PROVIDED INFORMATION START

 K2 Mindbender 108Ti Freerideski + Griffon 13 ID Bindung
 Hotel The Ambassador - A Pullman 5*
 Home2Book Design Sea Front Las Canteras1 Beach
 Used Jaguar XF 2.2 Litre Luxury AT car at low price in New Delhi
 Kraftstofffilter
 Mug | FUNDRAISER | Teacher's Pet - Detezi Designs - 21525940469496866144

PROVIDED INFORMATION END

## WORK INSTRUCTIONS
The response should consist of the entries above, retyped exactly.

## EXERCISE RESULT
 K2 Mindbender 108Ti Freerideski + Griffon 13 ID Bindung
 Hotel The Ambassador - A Pullman 5*
 Home2Book Design Sea Front Las Canteras1 Beach
 Used Jaguar XF 2.2 Litre Luxury AT car at low price in New Delhi
 Kraftstofffilter
 Mug | FUNDRAISER | Teacher's Pet - Detezi Designs - 21525940469496866144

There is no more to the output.